» **Task directions**: Would you set down the complete data below, exactly as shown?
*** Begin section ***
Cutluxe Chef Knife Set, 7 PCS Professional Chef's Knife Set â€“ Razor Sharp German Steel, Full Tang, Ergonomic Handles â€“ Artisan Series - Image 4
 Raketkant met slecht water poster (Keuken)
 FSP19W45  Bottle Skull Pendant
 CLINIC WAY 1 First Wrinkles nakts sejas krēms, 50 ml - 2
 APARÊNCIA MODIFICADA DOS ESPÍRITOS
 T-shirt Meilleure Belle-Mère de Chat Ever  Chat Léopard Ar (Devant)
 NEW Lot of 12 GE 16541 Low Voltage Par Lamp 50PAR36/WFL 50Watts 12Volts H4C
*** End section ***
» **Exercise result**:
Cutluxe Chef Knife Set, 7 PCS Professional Chef's Knife Set â€“ Razor Sharp German Steel, Full Tang, Ergonomic Handles â€“ Artisan Series - Image 4
 Raketkant met slecht water poster (Keuken)
 FSP19W45  Bottle Skull Pendant
 CLINIC WAY 1 First Wrinkles nakts sejas krēms, 50 ml - 2
 APARÊNCIA MODIFICADA DOS ESPÍRITOS
 T-shirt Meilleure Belle-Mère de Chat Ever  Chat Léopard Ar (Devant)
 NEW Lot of 12 GE 16541 Low Voltage Par Lamp 50PAR36/WFL 50Watts 12Volts H4C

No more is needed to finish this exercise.